*Input records*:
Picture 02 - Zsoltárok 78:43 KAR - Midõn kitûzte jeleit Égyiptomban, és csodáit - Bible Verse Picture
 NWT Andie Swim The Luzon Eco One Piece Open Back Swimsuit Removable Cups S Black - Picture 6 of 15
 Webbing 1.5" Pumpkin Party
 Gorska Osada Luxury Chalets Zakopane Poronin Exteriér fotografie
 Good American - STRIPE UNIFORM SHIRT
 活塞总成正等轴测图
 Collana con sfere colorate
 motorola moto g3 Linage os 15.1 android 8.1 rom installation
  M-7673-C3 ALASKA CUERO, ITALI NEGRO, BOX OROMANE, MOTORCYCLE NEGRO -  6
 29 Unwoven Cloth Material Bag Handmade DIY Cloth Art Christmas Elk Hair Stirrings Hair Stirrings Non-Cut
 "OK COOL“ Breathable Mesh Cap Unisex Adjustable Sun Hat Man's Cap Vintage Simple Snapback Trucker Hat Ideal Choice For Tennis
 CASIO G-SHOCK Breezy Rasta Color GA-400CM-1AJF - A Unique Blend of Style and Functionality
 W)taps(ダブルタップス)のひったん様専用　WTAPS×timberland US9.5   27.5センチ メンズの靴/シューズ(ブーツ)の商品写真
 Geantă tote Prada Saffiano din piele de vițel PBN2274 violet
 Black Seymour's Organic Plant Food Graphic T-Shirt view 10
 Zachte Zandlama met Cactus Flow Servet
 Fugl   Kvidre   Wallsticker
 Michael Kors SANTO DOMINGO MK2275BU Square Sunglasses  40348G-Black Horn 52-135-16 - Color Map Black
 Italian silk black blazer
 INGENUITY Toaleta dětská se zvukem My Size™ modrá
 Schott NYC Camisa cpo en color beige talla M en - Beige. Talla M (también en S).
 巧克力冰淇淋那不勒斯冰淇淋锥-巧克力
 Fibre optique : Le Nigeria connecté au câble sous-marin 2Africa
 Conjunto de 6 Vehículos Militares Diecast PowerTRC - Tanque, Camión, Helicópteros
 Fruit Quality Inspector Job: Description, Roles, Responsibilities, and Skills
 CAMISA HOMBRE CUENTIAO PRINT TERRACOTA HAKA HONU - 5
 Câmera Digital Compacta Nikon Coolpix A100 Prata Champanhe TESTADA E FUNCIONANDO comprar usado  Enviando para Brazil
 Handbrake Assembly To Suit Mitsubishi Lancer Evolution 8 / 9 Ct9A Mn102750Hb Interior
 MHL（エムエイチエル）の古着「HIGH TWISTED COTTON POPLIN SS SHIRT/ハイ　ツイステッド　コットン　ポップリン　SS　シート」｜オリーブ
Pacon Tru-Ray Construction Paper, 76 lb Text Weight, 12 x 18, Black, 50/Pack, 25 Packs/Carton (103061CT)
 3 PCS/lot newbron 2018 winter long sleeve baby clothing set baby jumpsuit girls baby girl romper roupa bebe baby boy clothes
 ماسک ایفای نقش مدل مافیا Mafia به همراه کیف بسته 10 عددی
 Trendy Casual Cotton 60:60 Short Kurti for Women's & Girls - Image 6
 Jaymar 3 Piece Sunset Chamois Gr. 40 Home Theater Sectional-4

*Assignment*: Write out every line of the data again, exactly as it reads.

*Response to this exercise*:
Picture 02 - Zsoltárok 78:43 KAR - Midõn kitûzte jeleit Égyiptomban, és csodáit - Bible Verse Picture
 NWT Andie Swim The Luzon Eco One Piece Open Back Swimsuit Removable Cups S Black - Picture 6 of 15
 Webbing 1.5" Pumpkin Party
 Gorska Osada Luxury Chalets Zakopane Poronin Exteriér fotografie
 Good American - STRIPE UNIFORM SHIRT
 活塞总成正等轴测图
 Collana con sfere colorate
 motorola moto g3 Linage os 15.1 android 8.1 rom installation
  M-7673-C3 ALASKA CUERO, ITALI NEGRO, BOX OROMANE, MOTORCYCLE NEGRO -  6
 29 Unwoven Cloth Material Bag Handmade DIY Cloth Art Christmas Elk Hair Stirrings Hair Stirrings Non-Cut
 "OK COOL“ Breathable Mesh Cap Unisex Adjustable Sun Hat Man's Cap Vintage Simple Snapback Trucker Hat Ideal Choice For Tennis
 CASIO G-SHOCK Breezy Rasta Color GA-400CM-1AJF - A Unique Blend of Style and Functionality
 W)taps(ダブルタップス)のひったん様専用　WTAPS×timberland US9.5   27.5センチ メンズの靴/シューズ(ブーツ)の商品写真
 Geantă tote Prada Saffiano din piele de vițel PBN2274 violet
 Black Seymour's Organic Plant Food Graphic T-Shirt view 10
 Zachte Zandlama met Cactus Flow Servet
 Fugl   Kvidre   Wallsticker
 Michael Kors SANTO DOMINGO MK2275BU Square Sunglasses  40348G-Black Horn 52-135-16 - Color Map Black
 Italian silk black blazer
 INGENUITY Toaleta dětská se zvukem My Size™ modrá
 Schott NYC Camisa cpo en color beige talla M en - Beige. Talla M (también en S).
 巧克力冰淇淋那不勒斯冰淇淋锥-巧克力
 Fibre optique : Le Nigeria connecté au câble sous-marin 2Africa
 Conjunto de 6 Vehículos Militares Diecast PowerTRC - Tanque, Camión, Helicópteros
 Fruit Quality Inspector Job: Description, Roles, Responsibilities, and Skills
 CAMISA HOMBRE CUENTIAO PRINT TERRACOTA HAKA HONU - 5
 Câmera Digital Compacta Nikon Coolpix A100 Prata Champanhe TESTADA E FUNCIONANDO comprar usado  Enviando para Brazil
 Handbrake Assembly To Suit Mitsubishi Lancer Evolution 8 / 9 Ct9A Mn102750Hb Interior
 MHL（エムエイチエル）の古着「HIGH TWISTED COTTON POPLIN SS SHIRT/ハイ　ツイステッド　コットン　ポップリン　SS　シート」｜オリーブ
Pacon Tru-Ray Construction Paper, 76 lb Text Weight, 12 x 18, Black, 50/Pack, 25 Packs/Carton (103061CT)
 3 PCS/lot newbron 2018 winter long sleeve baby clothing set baby jumpsuit girls baby girl romper roupa bebe baby boy clothes
 ماسک ایفای نقش مدل مافیا Mafia به همراه کیف بسته 10 عددی
 Trendy Casual Cotton 60:60 Short Kurti for Women's & Girls - Image 6
 Jaymar 3 Piece Sunset Chamois Gr. 40 Home Theater Sectional-4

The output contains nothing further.